- _Task requirements_: Exactly as written, reproduce the lines from the beginning of the data through the line containing "5Pcs Male Elbow"; the pictures are not reproduced.

(The data begins)

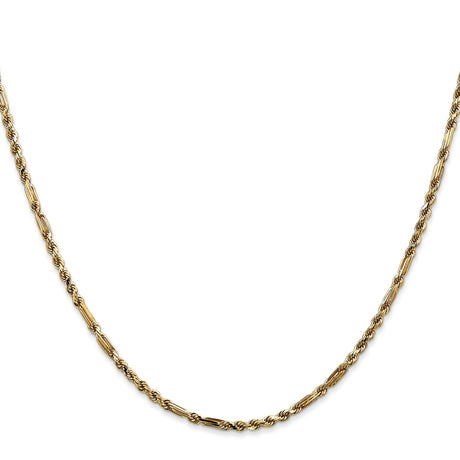 14K Yellow Gold 2.25 mm Rope Chain Necklace, Polished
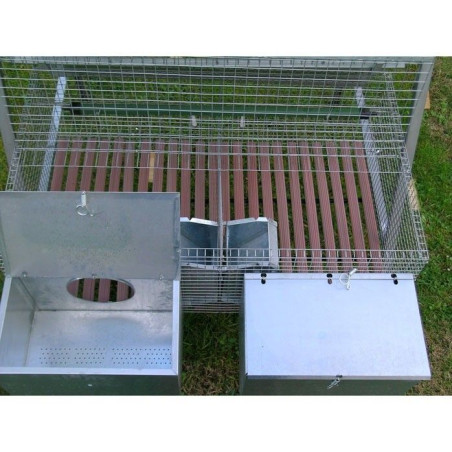 Clapier 2 Lapines et 8 Engraissement avec Accessoires | Ferranti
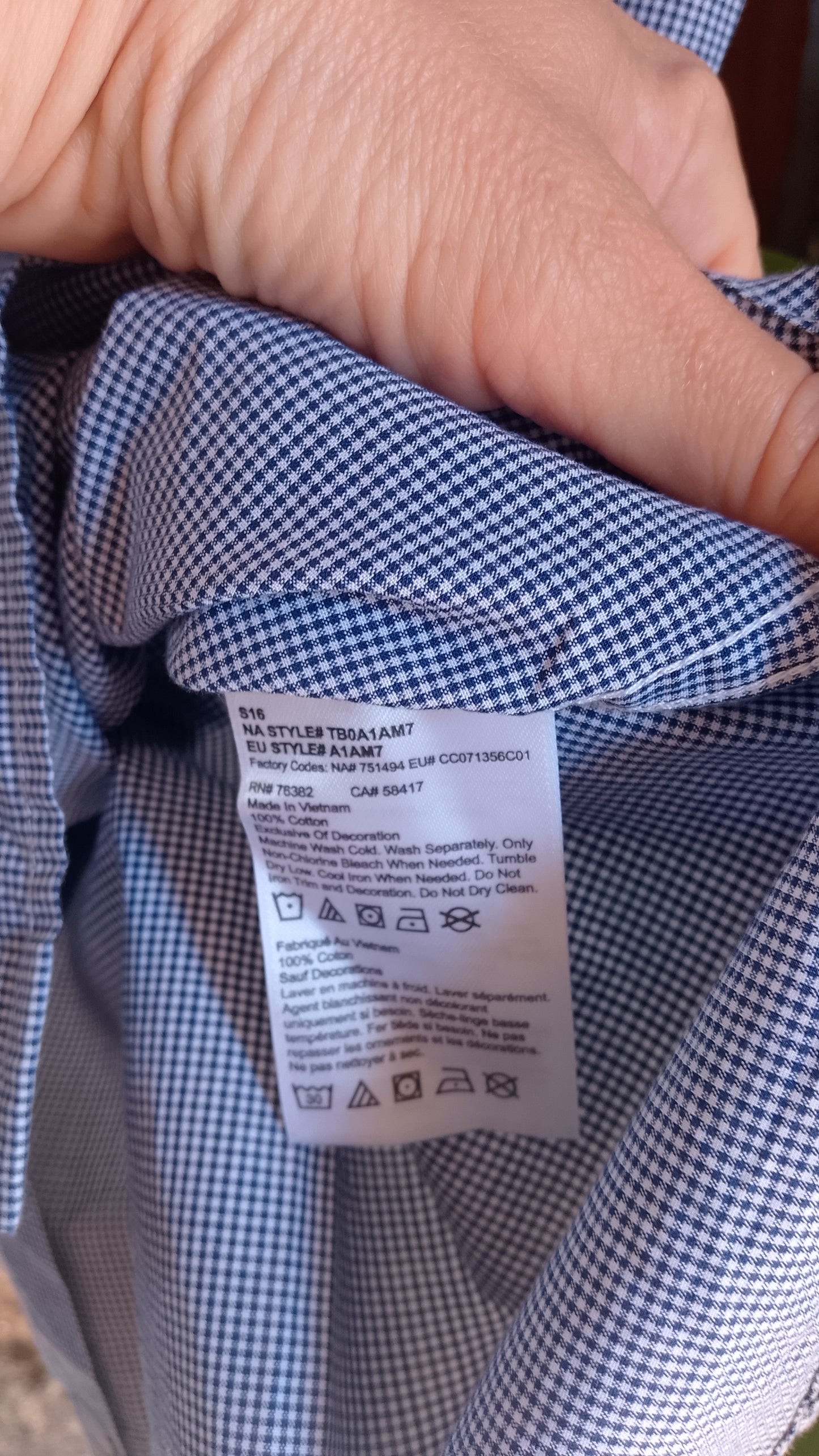 Camicia Uomo Mezza Manica Quadretti Blu Timberland Slim Fit Taglia XL - Vintage Ottimo Stato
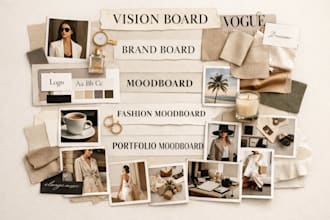 create vision board, bandboard, moodboard, fashion moodboard, portfolio moodboad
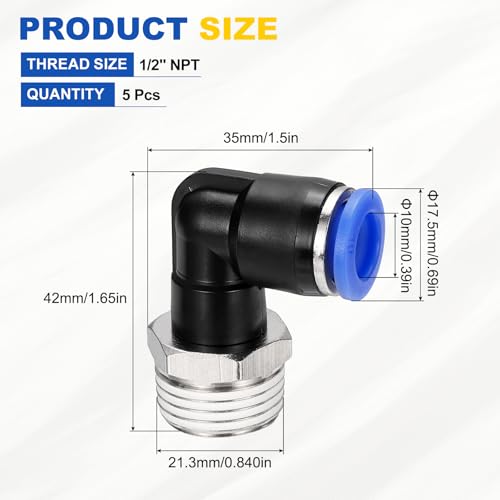 5Pcs Male Elbow Push to Connect Fitting Fit 10mm OD Tube 1/2" NPT - color: Blue, size: 10mm OD x 1/2" NPT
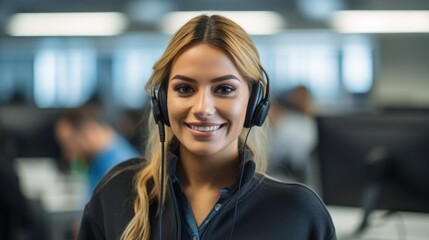 Portrait of a woman in a bustling IT department providing timely technical assistance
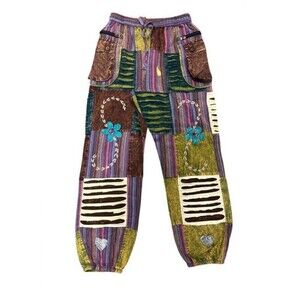 D1327 MLT Rising Cotton Crazy Artwork Festival Love Pant Various Sizes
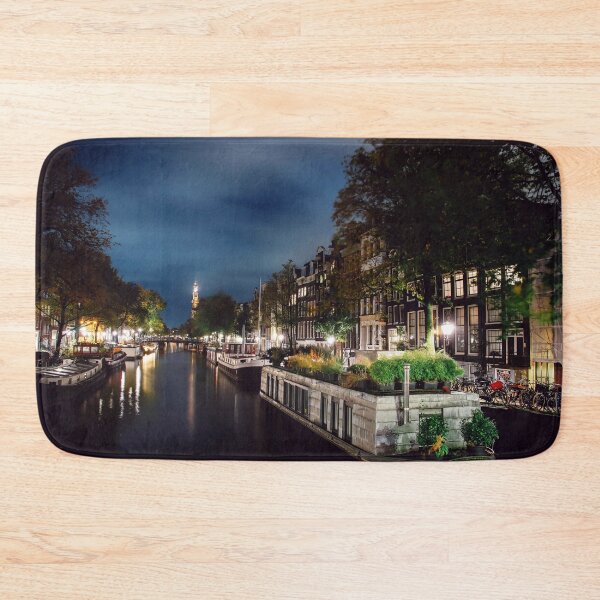 Item preview, Amsterdam Canal Night Cityscape Wall Art designed and sold by athanasioungr.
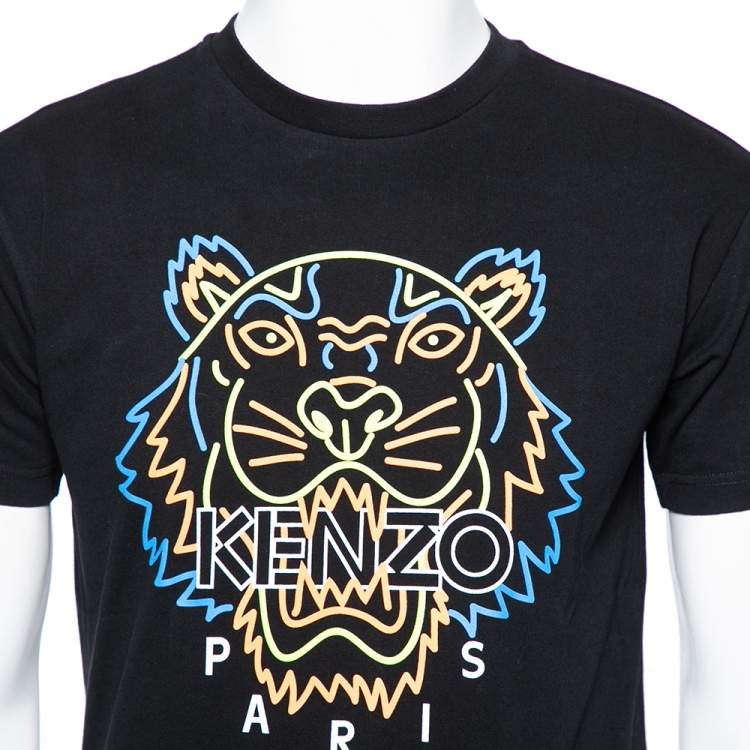 Pre Owned Kenzo Black Cotton Tiger Printed Crew Neck Short Sleeve T-Shirt XS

(The data ends)

- _Expected answer_:
 14K Yellow Gold 2.25 mm Rope Chain Necklace, Polished
 Clapier 2 Lapines et 8 Engraissement avec Accessoires | Ferranti
 Camicia Uomo Mezza Manica Quadretti Blu Timberland Slim Fit Taglia XL - Vintage Ottimo Stato
 create vision board, bandboard, moodboard, fashion moodboard, portfolio moodboad
 5Pcs Male Elbow Push to Connect Fitting Fit 10mm OD Tube 1/2" NPT - color: Blue, size: 10mm OD x 1/2" NPT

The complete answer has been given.